Speaking of traits, Play-As-Anyone also brought along a significantly more difficult hurdle than just writing 20 different scripts. To illustrate this, Hennessy brought up the protagonist for the first Watch Dogs game, Aiden Pearce. Aiden is a 39-year-old white American male hacker. He was born on May 2, 1974. He has a sister, a nephew, and a niece. His niece was killed as a result of his actions, and it fuels his motivation for the events of the game. In nearly every cinematic, story beat, or line of dialogue in Watch Dogs, some part of that information about Aiden is relevant.
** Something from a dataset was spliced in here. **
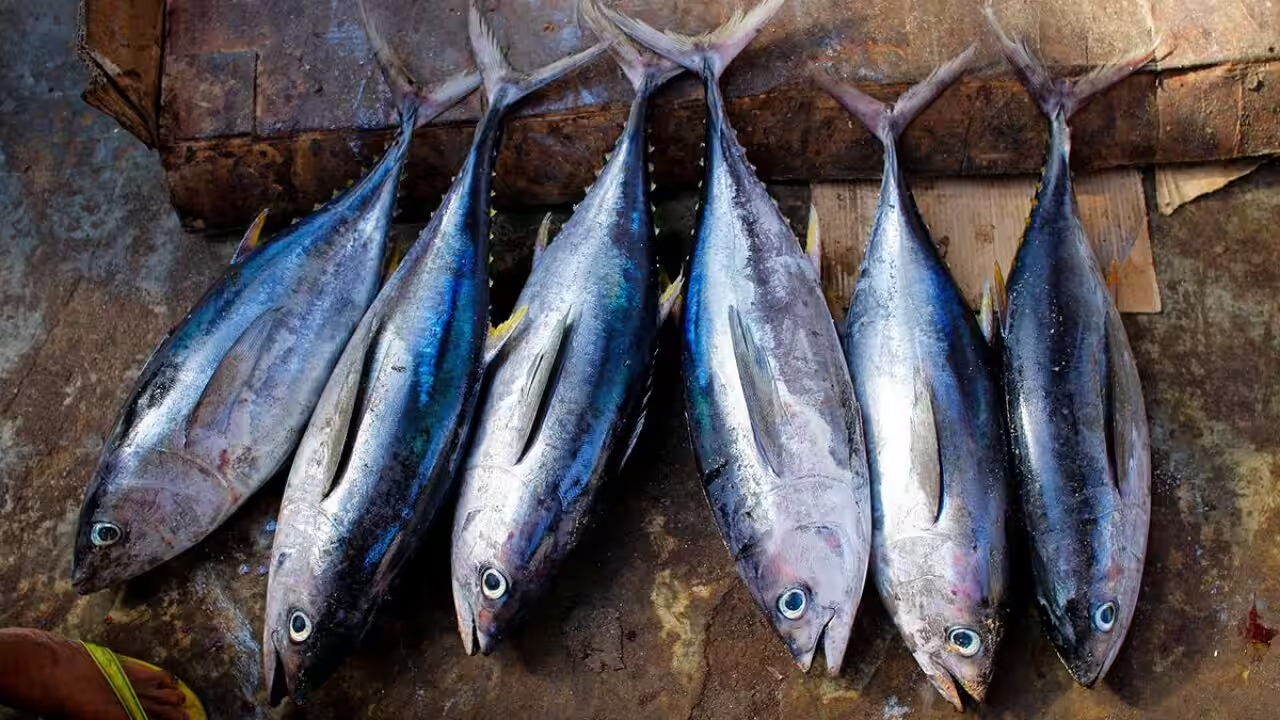 Tuna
The narrative team for the original Watch Dogs could leverage those details to tell a specific and personal story. Because players could recruit and play as any of the characters in open-world London, there was no way to know who the player character was at any given moment, or any background information about them. Without biographical information about these characters, the narrative team was unable to do many of the things that are customary for player characters, or even any character in any fictional story.
“When we write a line of dialogue, we have to assume the characters are goldfish, because they only live in the moment,” said Hennessy. “We can’t make them grow, because we don’t know what they have to grow from. You need two points to form a line.”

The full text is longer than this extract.